### EXTRACTED INFORMATION
========================================

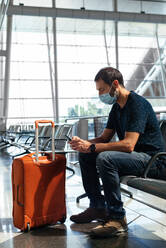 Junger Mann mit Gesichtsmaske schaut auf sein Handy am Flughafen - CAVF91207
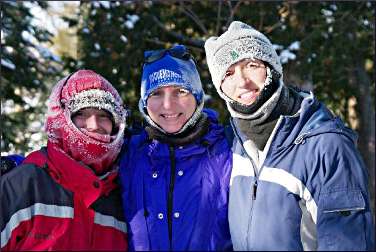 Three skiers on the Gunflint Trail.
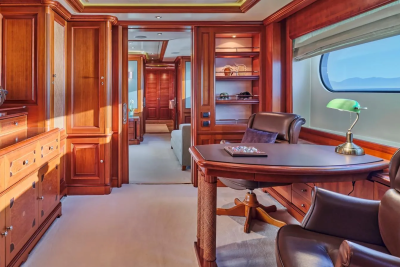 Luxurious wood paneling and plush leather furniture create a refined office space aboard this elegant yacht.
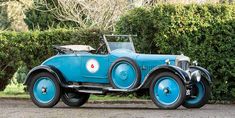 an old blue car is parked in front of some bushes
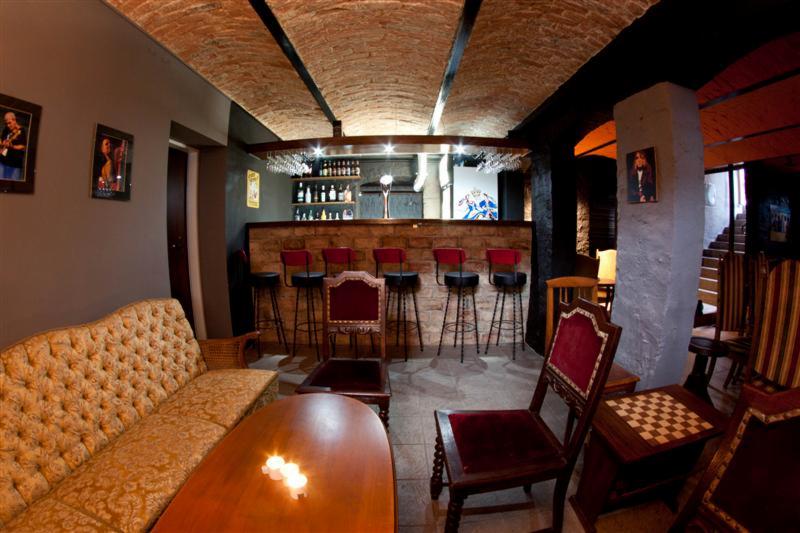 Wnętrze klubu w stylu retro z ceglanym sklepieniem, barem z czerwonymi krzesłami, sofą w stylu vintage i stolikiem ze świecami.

========================================

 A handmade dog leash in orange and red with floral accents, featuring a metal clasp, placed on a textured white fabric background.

========================================

### WHAT IS NEEDED
What are the lines in the records above, word for word, from the one containing "Junger Mann mit" through the one containing "an old blue", both ends included and pictures left out?

### WRITTEN SOLUTION
 Junger Mann mit Gesichtsmaske schaut auf sein Handy am Flughafen - CAVF91207
 Three skiers on the Gunflint Trail.
 Luxurious wood paneling and plush leather furniture create a refined office space aboard this elegant yacht.
 an old blue car is parked in front of some bushes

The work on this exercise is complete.